Taste wise they are very different teas, while the Songyang was very quiet for me, this one is vibrant and evokes several tea memories for me. The first steep is mildly perfumey (in a nice way) with a touch of cocoa, it reminds me most strongly of Golden Jade and now reading the description I can relate this to sweetgrass. It gets more interesting in the second steep, which is all piney and rosemary and calls to mind more pungent white teas, even Yabao. The third steep is a blend of the first two with a nice sweet kick at the beginning and gaining an artichoke note, though I totally get the basil and lime. The fourth is less sweet but just as bright.

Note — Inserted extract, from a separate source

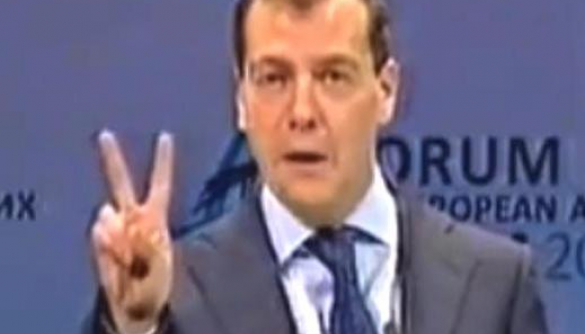 Медведев говорит о свободе слова
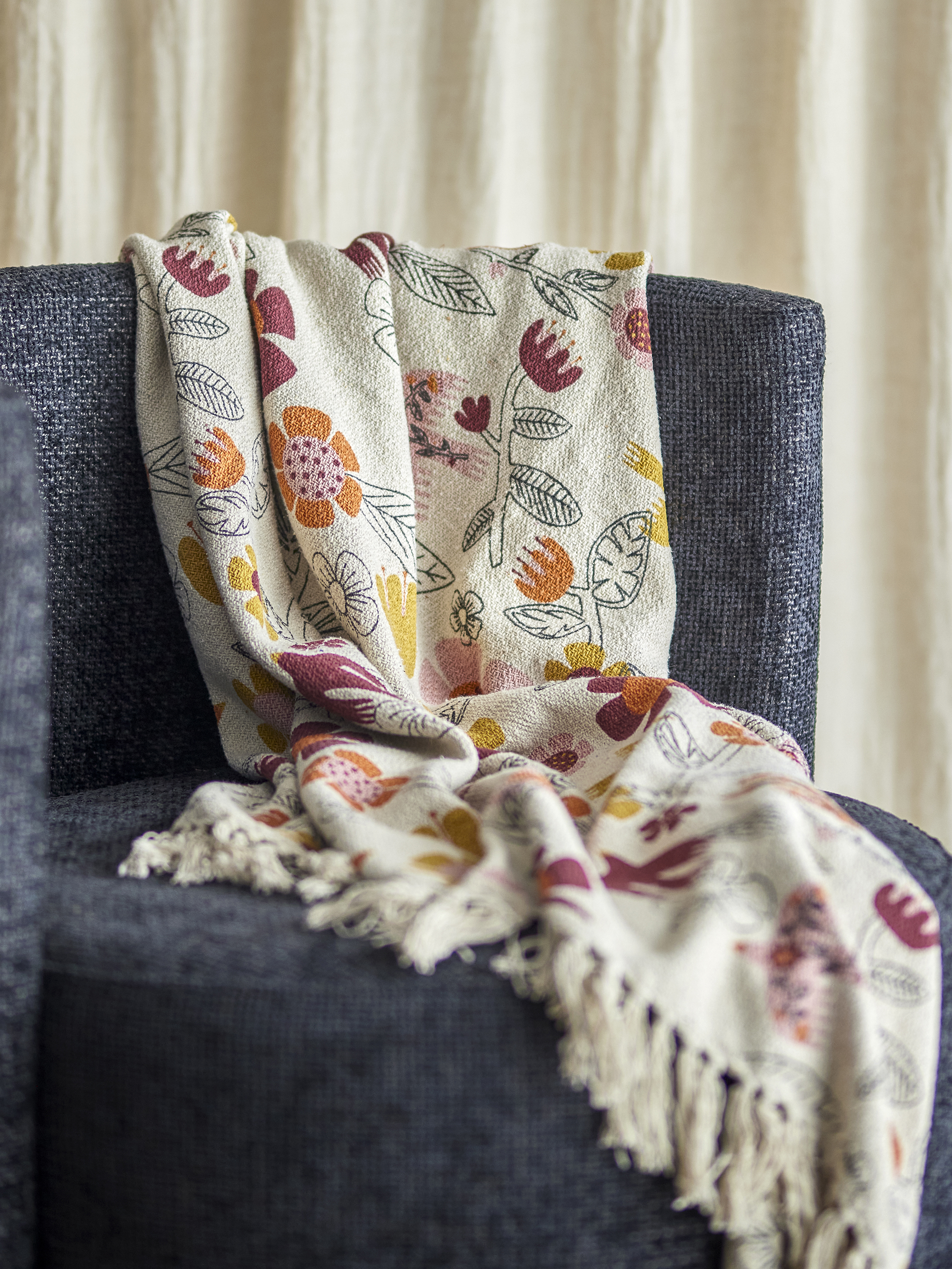 Bloomingville Vivielle Pläd Multifärgad 160x130 cm - 5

Unfortunately I had to move on to dinner and was a bit tea-ed out, I’m excited to try the 2012 picking and all these Verdant Yuannan black teas. I also think I shall pick up a bit of Lavender Earl Green with my Alchemy Blends order. 100th tasting note, woo!

Update: Yesterday I tried the sample David sent of the 2012 first plucking thank you. I could tell as soon as I poured the water that this was different. It smelled so very vegetal, even though the steep was only 5 sec and rendered a perfectly clear liquor. The first two infusions tasted more like Laoshan green. The third through fifth reminded me more of last years Jing Shan but I wouldn’t draw the Golden Jade or Yabao comparison this time. It still has that same Yunnan texture to it but is so much more green and I dare say a bit sweeter! So it tastes like itself only more, if that makes sense. In the end I’d say its a very well balanced and delightful green.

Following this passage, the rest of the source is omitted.